Question Zen local/ far (CCX) L3 Cache miss lookup policy question.

AshlayW

Member
Sep 6, 2018
32
97
91
www.eridonia-archives.com
Hello.

I just have a quick question to ask to any people knowledgeable on this subject. I would ideally like to ask Dr. Ian Cutress himself too, but I am sure he is very busy.

I have made a picture that summarises my question quite effectively, but I will type it here.

Zen architecture from gen1 to gen3 now, is made up of L3 cache domains. These domains, being victim caches are essentially local to their attached cores - a victim cache for evicted data from those cores' L2 caches. My question starts with:

When a core misses its Local L3 cache, in the CCX it is within, what is the policy / the way the processor circuit handles the next stage of looking up the requested data?

The L3 cache domains must be coherent to a degree to allow CCX-CCX communication and data transfer, presumably by the L3 cache slices local to each core.
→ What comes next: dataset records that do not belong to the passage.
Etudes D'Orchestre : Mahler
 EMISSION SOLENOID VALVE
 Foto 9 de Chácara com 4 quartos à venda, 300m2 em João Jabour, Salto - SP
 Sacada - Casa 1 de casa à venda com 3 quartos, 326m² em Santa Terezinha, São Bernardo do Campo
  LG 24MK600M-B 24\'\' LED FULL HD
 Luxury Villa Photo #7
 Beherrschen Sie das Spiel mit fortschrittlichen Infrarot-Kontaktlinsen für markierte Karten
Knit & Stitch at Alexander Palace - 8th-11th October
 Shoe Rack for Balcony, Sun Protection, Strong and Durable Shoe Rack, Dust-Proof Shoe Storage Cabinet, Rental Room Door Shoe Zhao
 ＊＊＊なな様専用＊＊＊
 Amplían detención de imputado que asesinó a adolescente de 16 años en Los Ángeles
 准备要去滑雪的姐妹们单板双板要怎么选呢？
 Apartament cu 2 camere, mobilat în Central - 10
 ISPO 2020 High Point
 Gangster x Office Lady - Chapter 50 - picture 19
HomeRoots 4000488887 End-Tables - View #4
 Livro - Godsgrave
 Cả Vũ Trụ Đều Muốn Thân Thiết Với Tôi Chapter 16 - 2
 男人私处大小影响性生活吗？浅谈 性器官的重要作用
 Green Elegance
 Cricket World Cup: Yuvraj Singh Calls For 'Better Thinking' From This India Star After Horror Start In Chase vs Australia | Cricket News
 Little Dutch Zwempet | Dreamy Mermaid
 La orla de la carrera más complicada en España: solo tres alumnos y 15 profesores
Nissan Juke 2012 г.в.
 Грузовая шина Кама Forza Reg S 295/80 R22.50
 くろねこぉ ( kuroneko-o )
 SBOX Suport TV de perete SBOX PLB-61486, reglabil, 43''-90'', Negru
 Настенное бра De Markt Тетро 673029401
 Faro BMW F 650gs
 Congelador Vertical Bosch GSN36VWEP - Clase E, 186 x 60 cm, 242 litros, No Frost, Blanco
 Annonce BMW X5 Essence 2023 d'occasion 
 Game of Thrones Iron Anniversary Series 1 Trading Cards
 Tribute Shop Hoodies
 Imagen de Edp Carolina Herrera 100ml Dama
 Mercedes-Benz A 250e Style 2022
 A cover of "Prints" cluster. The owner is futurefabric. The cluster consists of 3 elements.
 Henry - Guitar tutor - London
This data must flow over the Infinity Fabric. But the question is:

When the local L3 cache is missed, does the core look up the data in the other CCX's L3 caches (Far L3), and if so, how is that handled internally:

Cache Coherency on Zen2 and 3.jpg

I have 3 concepts here that I thought would be the way the circuit handles it. Each has a drawback, but I am inclined to believe Figure B. is how the circuit handles this lookup. It would hurt processor performance significantly to have cores potentially trying to seek the same cache line from DRAM via the off-die PHY, increasing power consumption and creating unnecessary bandwidth traffic. Figure C, is thus very unlikely but I included it as an example.

Figure B would create a lot of fabric traffic but hide latency to the memory by performing lookups in parallel and discarding non hits. After of which, the DRAM would be accessed.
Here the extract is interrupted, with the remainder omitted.